Blending happens when a palette is fitted with colours that mesh together naturally, resulting in a near seamless projection. Blending is contrast used in a very minimalistic, controlled approach. Normally, a blending palette is used to attract the eyes via a soothing aesthetic. Muted, pastel-driven choices can accomplish this.

Colour palette

Establishing a palette

Before brainstorming on which colours to select, it’s important to understand the various methods in which contrast can be achieved. Hues and shades/tinting are two primary concepts to digest before moving forward.

  • Hues are the twelve staple colours on a basic colour wheel (three primary colours, three secondary colours and six tertiary colours). Every colour palette development strategy begins with hue selection. Fundamentally, certain pairings of these hues in their natural state create a compelling contrast, such as orange and blue or green and purple. Conversely, there are combinations which are visually repellant, such as green and yellow or red and orange. However, with the proper use of shades or tinting, most hue combinations can be successful.
  • Shades and tinting are acquired through the process of using hues on a light-to-dark or dark-to-light basis. For instance, this may occur when a light blue is paired with darker blues (achieved by adding black), or vice versa (achieved by adding white, aka tinting). Shades and tinting are effective tools for leading the eyes in a specific direction or creating a harmonic visual presentation.

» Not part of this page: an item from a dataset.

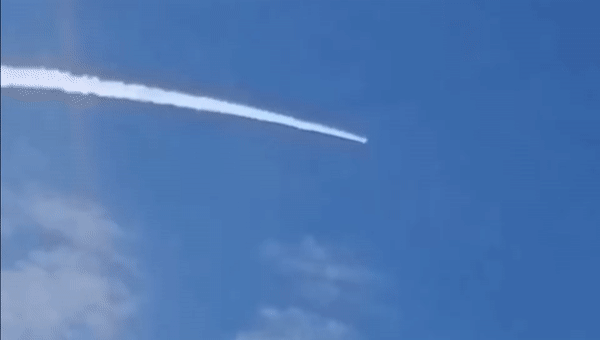 Video ghi lại hình ảnh hệ thống Buk-M1 khai hỏa. Nguồn: Twitter Video ghi lại hình ảnh hệ thống Buk-M1 khai hỏa. Nguồn: Twitter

Defining your message through colour

Just as words can communicate emotions, colours can also play on the human senses – which is why leading brands consider their colour choices very seriously. Warm tones such as red, orange and yellow represent many different concepts – heat or danger being two of the most common. This is why it’s common for companies in the food industry to incorporate some of these tones into their branding.

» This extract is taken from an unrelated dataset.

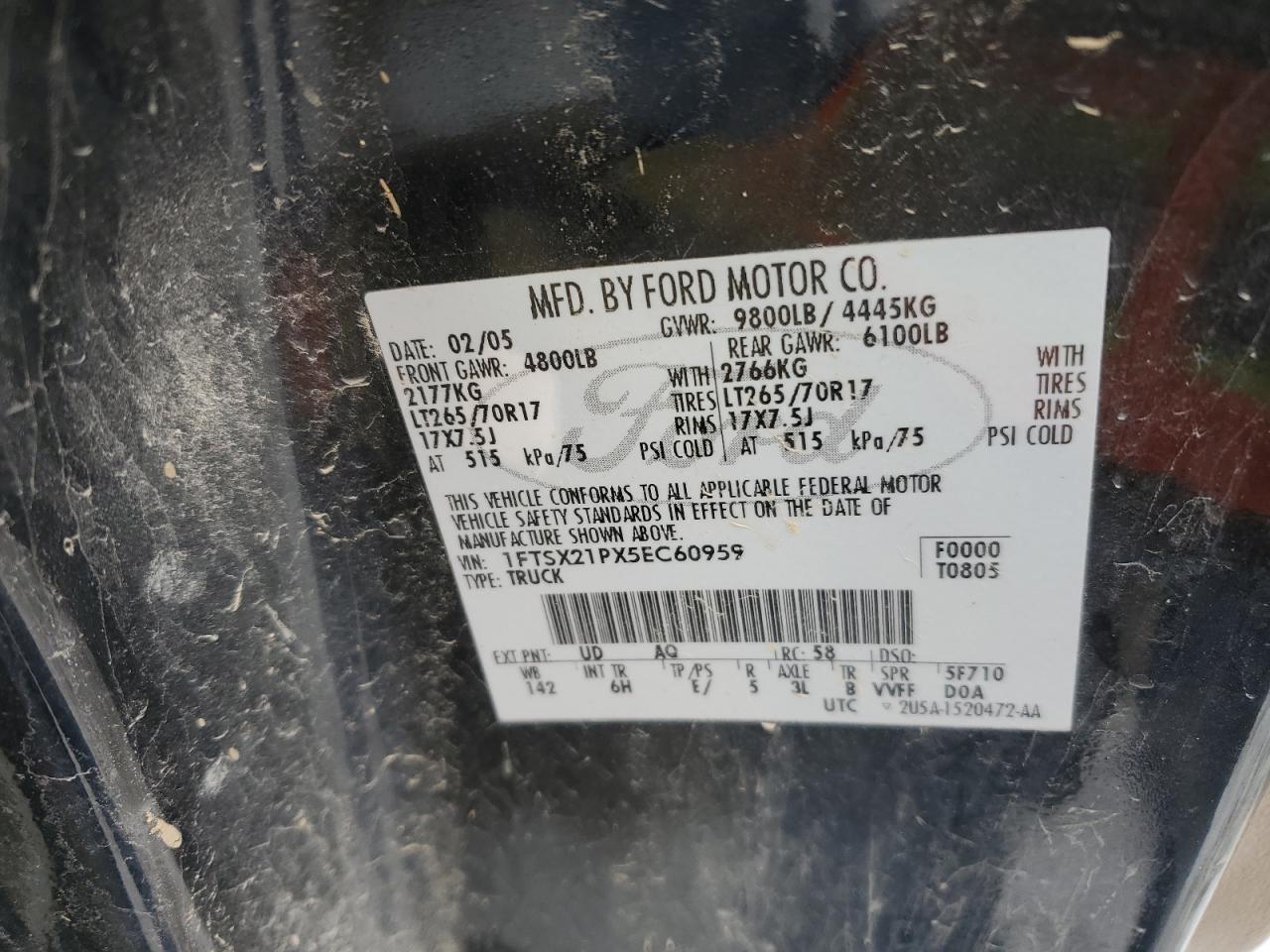 2005 Ford F250 - Image 13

Take, for instance, McDonalds; their logo consists of two golden arches resting against a red background – they’re capitalizing on hot tones, which translates to heat, which in turn relates to feelings of hunger.

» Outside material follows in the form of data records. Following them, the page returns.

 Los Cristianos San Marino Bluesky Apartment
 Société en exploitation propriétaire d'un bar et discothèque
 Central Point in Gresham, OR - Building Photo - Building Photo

On the other side of the spectrum, tones such as light blue or grey can convey equally powerful concepts such as coolness or indifference. Exposure to blue light in particular stimulates alertness, which is particularly relevant when it comes to our usage of sites dominated by the colour blue. Monochromatic designs can be equally artistic and clean.

Meanwhile, greens are typically seen as warm and trustworthy, evoking natural imagery. The Greenpeace site, for example, is unsurprisingly dominated by the colour green, which not only makes them feel more trustworthy, but also reinforces their link with environmentalism.

Colour psychology is a vital ingredient in any successful brand or project stylization. It not only evokes feelings and emotions, but has a direct and tangible psychological impact on users. There are so many choices in every aspect of creative compositing that it can be very easy to get carried away with impulsive decisions. Take the time that is needed to consciously select the best colour strategy to represent your brand – it will be worth it in the long run!

The ‘golden’ guidelines for designing with colour:

  • Keep your palette simple – around 5 colours is a good number.
  • The colour wheel is a reference guide – not a bible.
  • Colour work calls for a light touch – not a sledgehammer. Small changes in hue, blending and contrast can make major differences to the look and feel of your design.
  • Remember the emotional and psychological power of colour, and wield it responsibly!
  • Purple on green? Just no.

(Photo by Courtney Rhodes)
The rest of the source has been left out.